А вот в Казани мы встречали Новый год пельменями и самогоном.
Сначала, помнится, была мелодрама в городском театре. По привилегии почетного ссыльного, я сидел в первом ряду кресел в завидном костюме: при не совсем потертой заграничной визитке -- расписные казанские валенки; ноги приходилось подбирать из опасения насекомых.
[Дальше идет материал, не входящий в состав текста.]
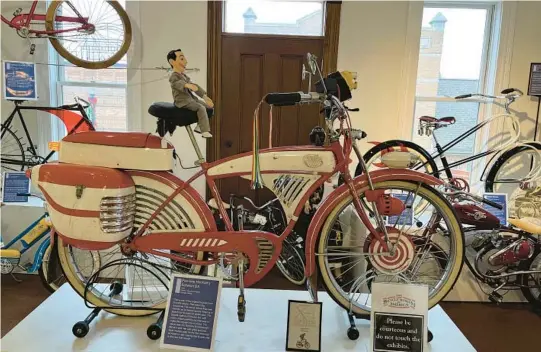  ?? ?? A modified 1953 Schwinn DX that was used in the 1985 film“Pee-wee’s Big Adventure”is on display at the Bicycle Museum of America in New Bremen, Ohio.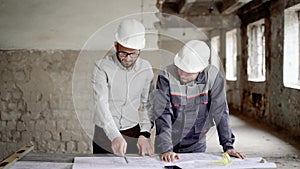 An adult engineer explains to the worker a new construction plan, which was designed by the architect, people are in an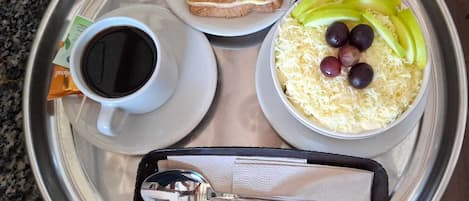 A meal tray with toast, scrambled eggs, and a cup of coffee.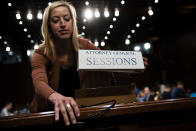 <p>A Senate staff member places a name card for US Attorney General Jeff Sessions before a hearing of the Senate Select Intelligence Committee on Capitol Hill June 13, 2017 in Washington, D.C. (Photo: Brendan Smialowski/AFP/Getty Images) </p>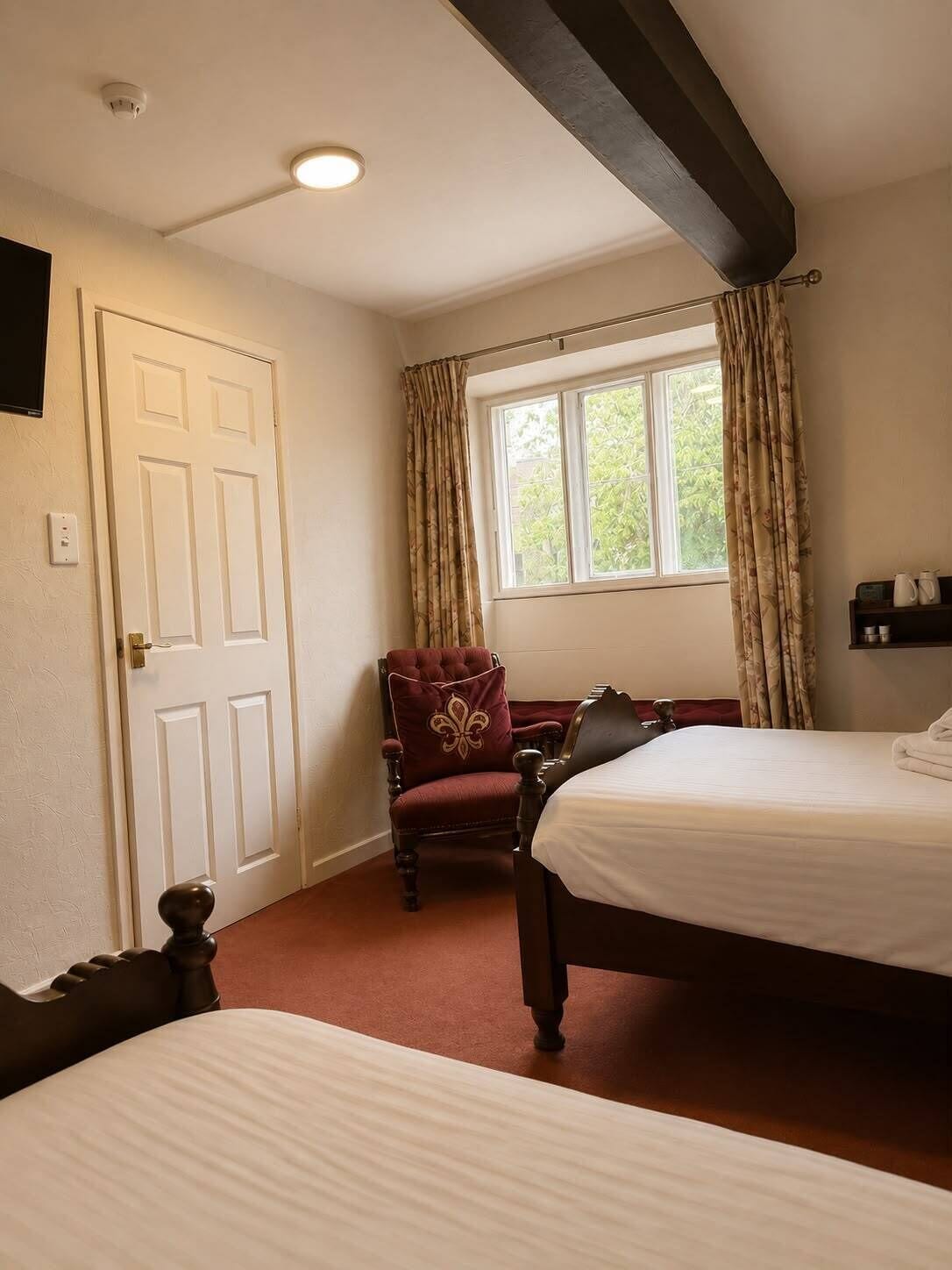 A hotel room with two beds, a chair, a window with curtains, a door, and a ceiling light.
А по окончании спектакля пошли (ехать было не на чем) на квартиру к комику. Примадонна и благородный отец кипятили на буржуйке воду для пельменей, заранее приготовленных и защипанных; режиссер обращал воду в вино, остальные накрывали на стол. Поевши и попивши, мы пели и плакали -- и по-русски, и по-цыгански, а под утро разошлись по домам в полном спокойствии, потому что совдеп опубликовал, что в ночь под Новый год на улицах в прохожих стрелять не будут, -- и действительно не стреляли. На другой день, едва я затопил дома печку, пришли с новым обыском и девятым приглашением явиться в чека, только что переименованное в ГПУ. Но все это -- мирно н не в связи с Новым годом.
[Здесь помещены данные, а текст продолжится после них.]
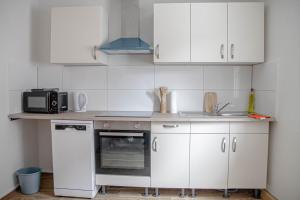una piccola cucina con armadietti bianchi e forno a microonde di F&F Suites Ilsfeld - 3 Zimmer OG Apartment - Zentral mit kostenfreien Privatparkplätzen und WLAN a Ilsfeld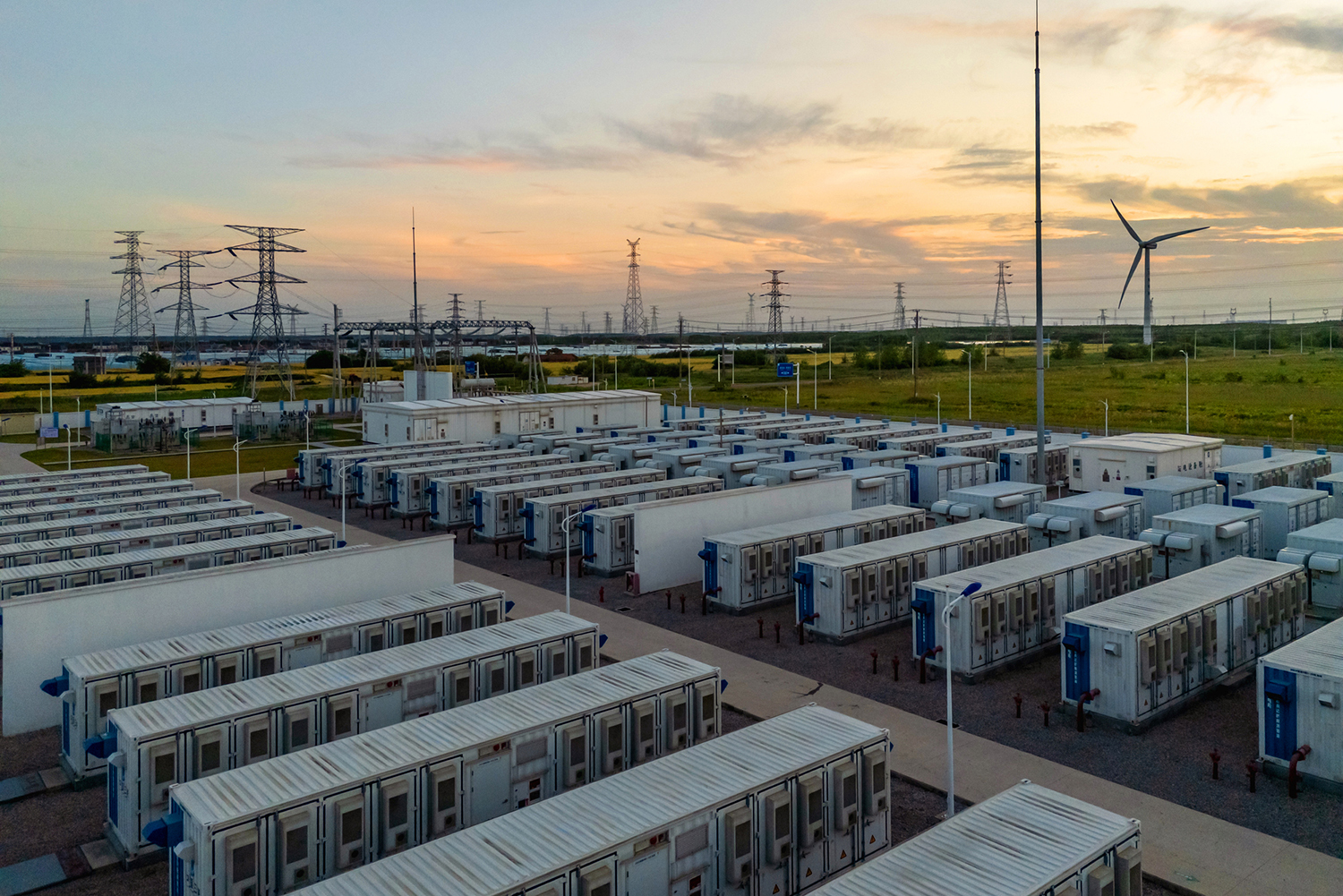 Rows of white container-sized units at an energy storage facility, with power lines and a wind turbine in the distance at sunset.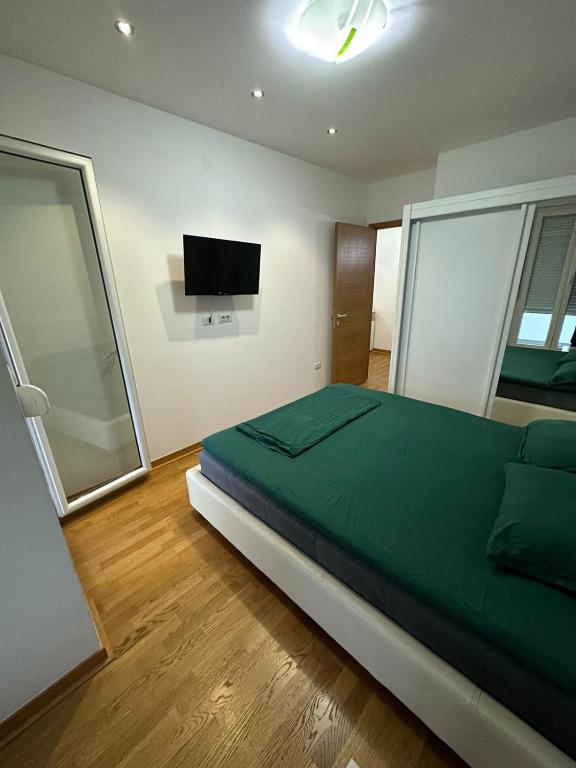 a bedroom with a green bed and a flat screen tv at Emina apartment City kvart in Kruševac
Годом позже, встречая тот же праздник под звуки румынского оркестра в ресторане на Прагер-плац, в Берлине, я все думал: "а как поживает тот черемис, председатель кооператива, который, прожив всю жизнь без особых дум и национальных устремлений, внезапно превратился в яростного и щепетильного гражданина республики народов Мари?3 Он подарил мне в Казани бутыль пихтовой эссенции -- гораздо лучше германских, да и французских духов. И вообще -- зачем судьба так швыряет людей?"
Вот и еще прошло десятилетие. В нынешнем году, пока вы будете красоваться на балу Красного Креста, я встречу Новый год дома. И когда часы на доме умалишенных пробьют полночь, я искуплю неуместную веселость и беззаботность этих воспоминаний чтением ужасающих стихов Николая Огарева, нашего предшественника по эмиграции:
Скачи, скачи, дребезжащая телега,
Недолго нам доплестися до ночлега,
Недолго нам до ночлега векового,
Ночлега темного, гробового.
А сколько дней протрещали мы по свету,
Успеха в том, оказалось, нам нету,
Начала добрые поспотыкались,
Стремленья все праздны остались.
Скачи, скачи, дребезжащая телега:
Пора, пора добираться до ночлега...
ПРИМЕЧАНИЯ
Кануны (1933, 1 января, No 4302)
1 Имеются в виду болгарский царь Фердинанд I Кобургский (1861--1948) и писатель Вас. И. Немирович-Данченко (см. о нем выше).
2 Щедрин, Сильвестр Феодосиевич (1791--1830) -- русский живописец, с 1818 г. работал в Италии.
3 В ноябре 1920 г. была образована Марийская автономная область в составе РСФСР.